Work order —
Copy, exactly and without additions, every line in the records below from the one holding "CHANEL Matelasse Mademoiselle" through the one holding "Sacs en papier", both ends included.

▼

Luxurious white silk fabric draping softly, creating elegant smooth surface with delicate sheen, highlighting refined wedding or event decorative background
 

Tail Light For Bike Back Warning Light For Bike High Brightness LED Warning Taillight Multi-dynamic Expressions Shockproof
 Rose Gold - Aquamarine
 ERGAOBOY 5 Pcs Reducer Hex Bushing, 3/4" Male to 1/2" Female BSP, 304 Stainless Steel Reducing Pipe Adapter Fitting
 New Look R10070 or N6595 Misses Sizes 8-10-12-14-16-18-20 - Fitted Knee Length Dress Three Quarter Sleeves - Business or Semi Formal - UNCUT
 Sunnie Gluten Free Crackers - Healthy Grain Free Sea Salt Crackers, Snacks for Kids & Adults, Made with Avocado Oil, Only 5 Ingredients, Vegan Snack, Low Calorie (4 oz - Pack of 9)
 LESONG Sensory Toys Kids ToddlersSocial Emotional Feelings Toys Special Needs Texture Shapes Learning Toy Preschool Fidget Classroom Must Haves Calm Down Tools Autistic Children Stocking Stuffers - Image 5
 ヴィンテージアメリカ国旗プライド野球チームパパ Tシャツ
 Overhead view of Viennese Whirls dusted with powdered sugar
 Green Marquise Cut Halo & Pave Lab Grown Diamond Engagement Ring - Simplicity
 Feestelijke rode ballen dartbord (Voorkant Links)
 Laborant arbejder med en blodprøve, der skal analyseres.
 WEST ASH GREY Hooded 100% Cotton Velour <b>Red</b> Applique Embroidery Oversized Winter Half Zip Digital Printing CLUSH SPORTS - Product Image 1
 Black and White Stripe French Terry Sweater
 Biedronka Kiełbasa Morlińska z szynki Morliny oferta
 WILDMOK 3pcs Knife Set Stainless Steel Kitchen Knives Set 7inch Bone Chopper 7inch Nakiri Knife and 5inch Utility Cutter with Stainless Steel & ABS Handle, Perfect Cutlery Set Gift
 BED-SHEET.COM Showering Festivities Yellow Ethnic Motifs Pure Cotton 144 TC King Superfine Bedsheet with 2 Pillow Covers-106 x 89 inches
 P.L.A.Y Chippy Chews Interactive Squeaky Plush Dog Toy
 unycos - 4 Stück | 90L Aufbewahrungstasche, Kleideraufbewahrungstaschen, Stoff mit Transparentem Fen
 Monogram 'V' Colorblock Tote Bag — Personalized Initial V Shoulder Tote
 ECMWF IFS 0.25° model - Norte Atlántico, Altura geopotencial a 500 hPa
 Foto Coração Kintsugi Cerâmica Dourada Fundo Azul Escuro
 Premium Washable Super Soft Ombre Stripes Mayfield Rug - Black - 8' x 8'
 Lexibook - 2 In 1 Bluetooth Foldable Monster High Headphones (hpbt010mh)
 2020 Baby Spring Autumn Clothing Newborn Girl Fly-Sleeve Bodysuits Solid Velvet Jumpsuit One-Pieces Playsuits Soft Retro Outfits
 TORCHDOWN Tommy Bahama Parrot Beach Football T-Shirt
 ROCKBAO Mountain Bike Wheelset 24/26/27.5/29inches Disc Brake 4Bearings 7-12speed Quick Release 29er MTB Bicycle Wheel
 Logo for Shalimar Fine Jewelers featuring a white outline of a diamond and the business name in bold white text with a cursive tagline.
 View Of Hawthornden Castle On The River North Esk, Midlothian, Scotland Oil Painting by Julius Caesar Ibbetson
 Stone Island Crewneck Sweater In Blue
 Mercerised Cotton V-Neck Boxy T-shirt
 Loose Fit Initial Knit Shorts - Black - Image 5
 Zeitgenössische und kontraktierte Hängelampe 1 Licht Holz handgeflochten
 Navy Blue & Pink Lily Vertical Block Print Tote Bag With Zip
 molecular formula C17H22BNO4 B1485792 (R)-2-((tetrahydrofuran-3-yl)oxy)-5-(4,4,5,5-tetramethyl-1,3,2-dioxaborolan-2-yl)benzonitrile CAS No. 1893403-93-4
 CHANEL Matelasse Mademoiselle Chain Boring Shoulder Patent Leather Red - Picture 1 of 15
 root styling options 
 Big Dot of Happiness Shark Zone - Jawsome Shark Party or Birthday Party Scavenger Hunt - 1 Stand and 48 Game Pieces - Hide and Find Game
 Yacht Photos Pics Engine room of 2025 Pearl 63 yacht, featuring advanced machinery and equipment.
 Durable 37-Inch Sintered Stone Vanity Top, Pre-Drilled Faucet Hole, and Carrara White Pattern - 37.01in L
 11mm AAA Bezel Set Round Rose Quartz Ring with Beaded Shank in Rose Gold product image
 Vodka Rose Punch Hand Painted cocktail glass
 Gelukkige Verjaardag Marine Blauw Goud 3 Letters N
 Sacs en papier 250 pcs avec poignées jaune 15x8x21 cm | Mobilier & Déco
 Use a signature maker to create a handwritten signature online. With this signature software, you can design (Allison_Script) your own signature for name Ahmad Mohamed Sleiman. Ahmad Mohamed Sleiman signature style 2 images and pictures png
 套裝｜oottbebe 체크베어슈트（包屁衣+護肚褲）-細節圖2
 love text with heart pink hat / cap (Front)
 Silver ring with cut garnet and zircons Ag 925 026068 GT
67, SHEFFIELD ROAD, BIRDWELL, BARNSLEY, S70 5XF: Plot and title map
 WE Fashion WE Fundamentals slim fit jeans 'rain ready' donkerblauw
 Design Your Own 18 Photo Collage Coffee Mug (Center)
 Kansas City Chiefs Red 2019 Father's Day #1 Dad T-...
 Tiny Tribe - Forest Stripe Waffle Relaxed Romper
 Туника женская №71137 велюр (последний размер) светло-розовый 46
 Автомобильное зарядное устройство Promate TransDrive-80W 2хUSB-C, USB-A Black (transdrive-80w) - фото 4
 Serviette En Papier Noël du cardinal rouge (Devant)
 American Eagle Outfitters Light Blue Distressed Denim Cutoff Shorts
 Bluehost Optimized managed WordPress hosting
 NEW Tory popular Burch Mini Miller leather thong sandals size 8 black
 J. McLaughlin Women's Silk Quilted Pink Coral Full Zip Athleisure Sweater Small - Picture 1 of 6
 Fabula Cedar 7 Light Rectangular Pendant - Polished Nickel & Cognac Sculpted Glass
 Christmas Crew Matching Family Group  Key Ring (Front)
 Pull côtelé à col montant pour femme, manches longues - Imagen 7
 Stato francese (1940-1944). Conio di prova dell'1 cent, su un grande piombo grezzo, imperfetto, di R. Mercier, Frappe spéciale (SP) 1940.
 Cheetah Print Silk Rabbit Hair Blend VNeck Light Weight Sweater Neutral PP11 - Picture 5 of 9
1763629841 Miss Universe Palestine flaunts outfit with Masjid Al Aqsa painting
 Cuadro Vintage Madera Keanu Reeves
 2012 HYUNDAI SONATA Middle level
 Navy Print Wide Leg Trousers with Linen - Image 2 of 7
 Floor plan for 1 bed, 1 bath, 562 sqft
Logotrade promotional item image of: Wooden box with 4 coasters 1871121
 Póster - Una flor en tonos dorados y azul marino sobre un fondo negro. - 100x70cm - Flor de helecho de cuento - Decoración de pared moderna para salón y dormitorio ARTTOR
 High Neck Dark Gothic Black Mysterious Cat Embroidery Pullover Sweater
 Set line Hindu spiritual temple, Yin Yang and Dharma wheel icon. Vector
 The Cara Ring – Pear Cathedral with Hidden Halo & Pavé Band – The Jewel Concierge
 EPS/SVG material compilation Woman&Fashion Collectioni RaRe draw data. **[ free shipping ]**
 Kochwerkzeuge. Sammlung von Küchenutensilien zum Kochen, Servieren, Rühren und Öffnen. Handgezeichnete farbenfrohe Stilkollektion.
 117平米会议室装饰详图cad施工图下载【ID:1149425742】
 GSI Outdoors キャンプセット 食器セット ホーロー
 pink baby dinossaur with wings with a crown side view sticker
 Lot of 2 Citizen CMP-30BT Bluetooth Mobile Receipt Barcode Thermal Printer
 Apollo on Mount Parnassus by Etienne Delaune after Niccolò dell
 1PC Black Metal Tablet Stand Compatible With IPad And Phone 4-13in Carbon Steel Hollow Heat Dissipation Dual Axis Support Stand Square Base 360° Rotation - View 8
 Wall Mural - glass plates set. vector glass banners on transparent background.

▲

Exercise output —
 CHANEL Matelasse Mademoiselle Chain Boring Shoulder Patent Leather Red - Picture 1 of 15
 root styling options 
 Big Dot of Happiness Shark Zone - Jawsome Shark Party or Birthday Party Scavenger Hunt - 1 Stand and 48 Game Pieces - Hide and Find Game
 Yacht Photos Pics Engine room of 2025 Pearl 63 yacht, featuring advanced machinery and equipment.
 Durable 37-Inch Sintered Stone Vanity Top, Pre-Drilled Faucet Hole, and Carrara White Pattern - 37.01in L
 11mm AAA Bezel Set Round Rose Quartz Ring with Beaded Shank in Rose Gold product image
 Vodka Rose Punch Hand Painted cocktail glass
 Gelukkige Verjaardag Marine Blauw Goud 3 Letters N
 Sacs en papier 250 pcs avec poignées jaune 15x8x21 cm | Mobilier & Déco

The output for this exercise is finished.